# SUPPLIED ENTRIES:

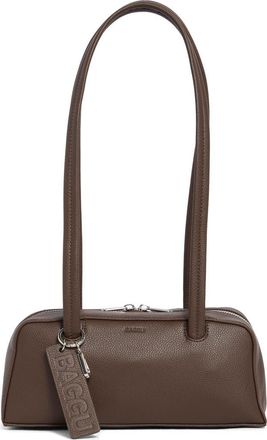 Baggu Small Recycled Leather Bowler Shoulder Bag in Brown at Nordstrom Rack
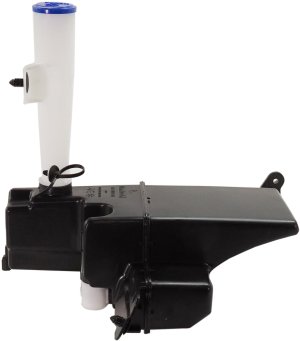 Washer Reservoir Assembly for Ford F-Series Super Duty 2017-2022, Complete with Pump, Inlet, Cap, and Sensor, Replacement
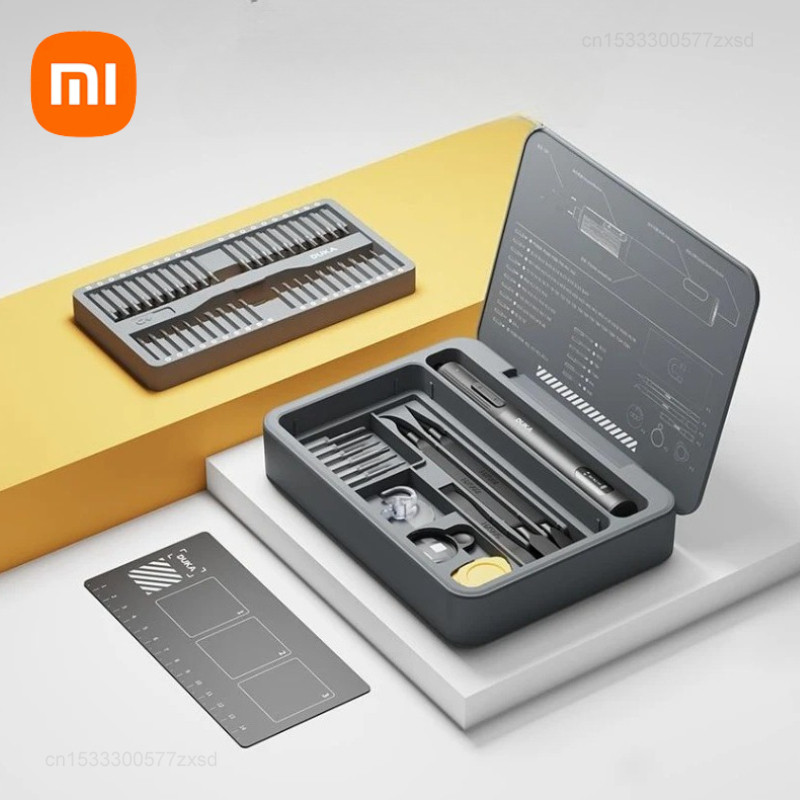 Xiaomi DUKA ATuMan ชุดไขควงไฟฟ้า E3 Precision 650mah ซ่อมชาร์จ 95 ชิ้นเหล็ก Bits 95-in-1 ไขควงเครื่อ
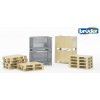 Bruder 2415 Logistická súprava - palety a debny Bruder 2415 Logistická súprava - palety a debny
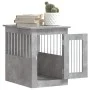 Jaula para perros madera ingeniería gris hormigón 45x62x59 cm de , Casetas para perros - Ref: Foro24-838312, Precio: 80,88 €,...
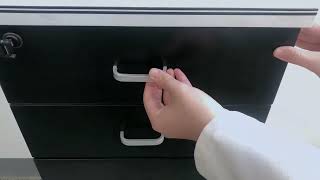 Drawer lock installation video [upl. by Ardnoek]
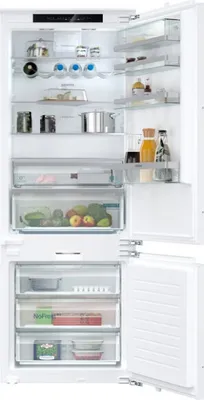 Image de Siemens iQ500 KB96NADD0 Réfrigérateur-congélateur Intégré 382 l D Blanc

# WORK INSTRUCTION:
Find the line with "Washer Reservoir Assembly" in the data above, and from there retype each line exactly through the line with "Drawer lock installation", skipping the pictures along the way.

# REPLY:
 Washer Reservoir Assembly for Ford F-Series Super Duty 2017-2022, Complete with Pump, Inlet, Cap, and Sensor, Replacement
 Xiaomi DUKA ATuMan ชุดไขควงไฟฟ้า E3 Precision 650mah ซ่อมชาร์จ 95 ชิ้นเหล็ก Bits 95-in-1 ไขควงเครื่อ
 Bruder 2415 Logistická súprava - palety a debny Bruder 2415 Logistická súprava - palety a debny
 Jaula para perros madera ingeniería gris hormigón 45x62x59 cm de , Casetas para perros - Ref: Foro24-838312, Precio: 80,88 €,...
 Drawer lock installation video [upl. by Ardnoek]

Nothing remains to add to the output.